▸ What you need to do
In the entries below, which lines run from the one containing "image for item" to the one containing "APTA CRÉDITO. Casa"? Copy exactly those lines, ends included, and no others.

[Scraped caption text data]

--

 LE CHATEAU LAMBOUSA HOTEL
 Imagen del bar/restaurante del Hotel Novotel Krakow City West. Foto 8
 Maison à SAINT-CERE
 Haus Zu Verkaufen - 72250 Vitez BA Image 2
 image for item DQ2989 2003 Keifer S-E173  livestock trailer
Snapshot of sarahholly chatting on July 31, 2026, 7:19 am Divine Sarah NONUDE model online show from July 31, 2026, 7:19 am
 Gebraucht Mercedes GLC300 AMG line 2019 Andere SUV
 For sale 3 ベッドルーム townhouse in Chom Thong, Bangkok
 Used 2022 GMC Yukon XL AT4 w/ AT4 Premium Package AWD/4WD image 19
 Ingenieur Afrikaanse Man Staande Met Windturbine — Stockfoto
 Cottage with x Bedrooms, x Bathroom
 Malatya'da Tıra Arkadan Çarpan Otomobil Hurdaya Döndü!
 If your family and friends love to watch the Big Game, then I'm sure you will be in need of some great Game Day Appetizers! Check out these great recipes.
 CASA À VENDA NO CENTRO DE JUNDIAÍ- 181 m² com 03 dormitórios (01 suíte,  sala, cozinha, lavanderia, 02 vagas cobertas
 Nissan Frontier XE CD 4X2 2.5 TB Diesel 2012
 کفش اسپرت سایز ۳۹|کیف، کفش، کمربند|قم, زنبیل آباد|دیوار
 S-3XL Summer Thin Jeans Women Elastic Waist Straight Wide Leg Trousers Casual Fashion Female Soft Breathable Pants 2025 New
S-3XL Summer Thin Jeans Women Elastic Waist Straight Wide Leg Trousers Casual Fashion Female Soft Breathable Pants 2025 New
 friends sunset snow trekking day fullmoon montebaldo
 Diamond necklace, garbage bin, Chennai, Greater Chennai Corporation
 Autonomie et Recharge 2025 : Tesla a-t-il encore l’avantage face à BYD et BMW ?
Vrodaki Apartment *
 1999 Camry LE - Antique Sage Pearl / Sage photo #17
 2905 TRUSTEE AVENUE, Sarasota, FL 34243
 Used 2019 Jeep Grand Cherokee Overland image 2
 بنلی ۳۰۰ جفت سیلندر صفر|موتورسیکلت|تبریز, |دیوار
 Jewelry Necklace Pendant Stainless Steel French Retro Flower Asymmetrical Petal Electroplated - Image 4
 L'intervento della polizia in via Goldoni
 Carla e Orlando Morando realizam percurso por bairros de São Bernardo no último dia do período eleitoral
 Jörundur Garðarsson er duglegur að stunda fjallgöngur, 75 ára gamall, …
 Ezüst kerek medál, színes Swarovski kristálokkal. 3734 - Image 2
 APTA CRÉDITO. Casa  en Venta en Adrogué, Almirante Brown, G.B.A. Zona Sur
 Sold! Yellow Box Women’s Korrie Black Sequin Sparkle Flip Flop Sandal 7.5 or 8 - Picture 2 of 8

--

▸ Result of this exercise
 image for item DQ2989 2003 Keifer S-E173  livestock trailer
Snapshot of sarahholly chatting on July 31, 2026, 7:19 am Divine Sarah NONUDE model online show from July 31, 2026, 7:19 am
 Gebraucht Mercedes GLC300 AMG line 2019 Andere SUV
 For sale 3 ベッドルーム townhouse in Chom Thong, Bangkok
 Used 2022 GMC Yukon XL AT4 w/ AT4 Premium Package AWD/4WD image 19
 Ingenieur Afrikaanse Man Staande Met Windturbine — Stockfoto
 Cottage with x Bedrooms, x Bathroom
 Malatya'da Tıra Arkadan Çarpan Otomobil Hurdaya Döndü!
 If your family and friends love to watch the Big Game, then I'm sure you will be in need of some great Game Day Appetizers! Check out these great recipes.
 CASA À VENDA NO CENTRO DE JUNDIAÍ- 181 m² com 03 dormitórios (01 suíte,  sala, cozinha, lavanderia, 02 vagas cobertas
 Nissan Frontier XE CD 4X2 2.5 TB Diesel 2012
 کفش اسپرت سایز ۳۹|کیف، کفش، کمربند|قم, زنبیل آباد|دیوار
 S-3XL Summer Thin Jeans Women Elastic Waist Straight Wide Leg Trousers Casual Fashion Female Soft Breathable Pants 2025 New
S-3XL Summer Thin Jeans Women Elastic Waist Straight Wide Leg Trousers Casual Fashion Female Soft Breathable Pants 2025 New
 friends sunset snow trekking day fullmoon montebaldo
 Diamond necklace, garbage bin, Chennai, Greater Chennai Corporation
 Autonomie et Recharge 2025 : Tesla a-t-il encore l’avantage face à BYD et BMW ?
Vrodaki Apartment *
 1999 Camry LE - Antique Sage Pearl / Sage photo #17
 2905 TRUSTEE AVENUE, Sarasota, FL 34243
 Used 2019 Jeep Grand Cherokee Overland image 2
 بنلی ۳۰۰ جفت سیلندر صفر|موتورسیکلت|تبریز, |دیوار
 Jewelry Necklace Pendant Stainless Steel French Retro Flower Asymmetrical Petal Electroplated - Image 4
 L'intervento della polizia in via Goldoni
 Carla e Orlando Morando realizam percurso por bairros de São Bernardo no último dia do período eleitoral
 Jörundur Garðarsson er duglegur að stunda fjallgöngur, 75 ára gamall, …
 Ezüst kerek medál, színes Swarovski kristálokkal. 3734 - Image 2
 APTA CRÉDITO. Casa  en Venta en Adrogué, Almirante Brown, G.B.A. Zona Sur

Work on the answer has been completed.